The sealant web was also made by a three layer coextrusion—with the thickness of the sealant web being 2.35 mils (and the layers having thickness values of 0.4; 1.5 and 0.45 mils, respectively). The laminated film was made by laminating the above two webs together using a conventional adhesive. The following types of polyethylene were used (in the amounts and places indicated above).

PE1=polymer homopolymer; melt index I₂=1 g/10 minutes; density=0.958 g/cc (sold as SCLAIR 19C by NOVA Chemicals);
PE2=ethylene-hexene copolymer; melt index I₂—0.8 g/10 minutes; density=0.954 g/cc (sold as NOVAPOL 534 by NOVA Chemicals);

PE3=nucleated blend of ethylene homopolymers; melt index I₂=1.2 g/10 minutes; density=0.967 g/cc (sold as SURPASS HPs 167 by NOVA Chemicals);

PE4=ethylene-octene copolymer; melt index=0.9 g/10 minutes; density=0.914 g/cc; Dilution Index, Yd, =3.4; (prepared in a dual reactor process, sold as SURPASS VPsk914 by NOVA Chemicals)

Fitment

The FIGURE illustrates the fitment that was used in these examples. The fitment may be described as being “canoe” shaped, to employ a term that is commonly used by those skilled in the art. The length of the fitment is 35 mm; the width of the fitment (at the widest part of the “canoe”) is 14.15 mm; the thickness is 9.2 mm and the circular hole in the fitment has a diameter of 9 mm.

Fitments made from LLDPE were prepared. The LLDPEs used have the following characteristics:

LLDPE1: melt index=20 g/10 minutes; density=0.92 g/cc; (NOVAPOL™ PI 2024)

LLDPE2: melt index=52 g/10 minutes; density=0.92 g/cc. (SCLAIR™ 2114)

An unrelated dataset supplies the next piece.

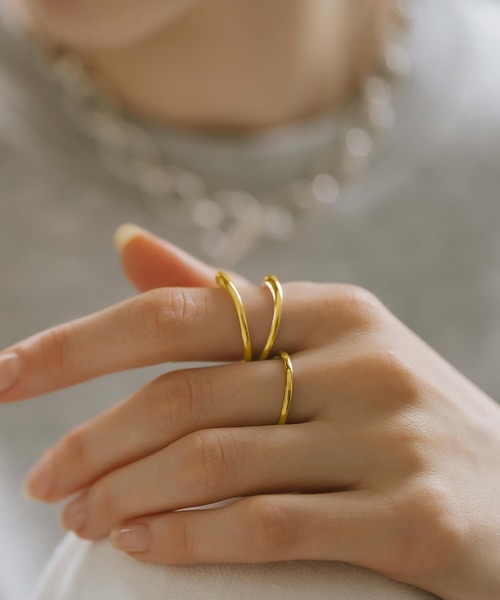 Ops.（オプス）の「リング シルバー925 指輪 レディース 金属アレルギー対応【AUREOLA アウレオラ2mm】（リング・レディース・シルバー/イエローゴールド・15号/13号/11号/9号/7号）」の2枚目の写真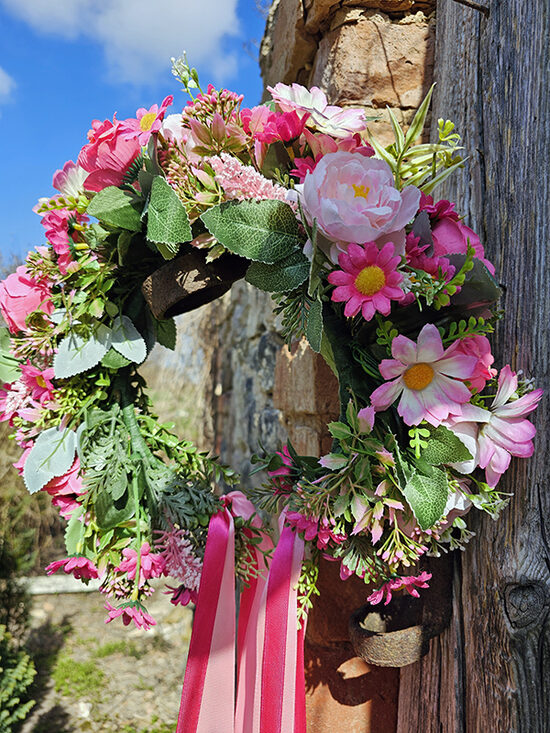 Mākslīgo ziedu matu vainadziņš - spilgti rozā ar rozēm un margrietiņām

sLLDPE1: melt index 4 g/10 minutes; density 0.912 g/cc. (Ex-VPS412 sLLDPE Resin)

sLLDPE2: melt index 4.5 g/10 minutes; density 0.917 g/cc. (FPS417 sLLDPE Resin)

sLLDPE3: melt index 0.85 g/10 minutes; density 0.913 g/cc. (VPsK914 sLLDPE Resin)

sLLDPE4: melt index 0.85 g/10 minutes; density 0.921 g/cc. (SPsK919 sLLDPE Resin) HDPE1: melt index=51 g/10 minutes; density 0.95 g/cc (for comparison purposes). (SCLAIR™ 2714)

HDPE2: melt index=17.2 g/10 minutes; density 0.95 g/cc (for comparison purposes). (SCLAIR™ 2710)

LLPDE1 is sold under the name NOVAPOL™ 2024; HDPE2 is sold under the name SCLAIR™ 2710 and both are commercially available from NOVA Chemicals Corporation.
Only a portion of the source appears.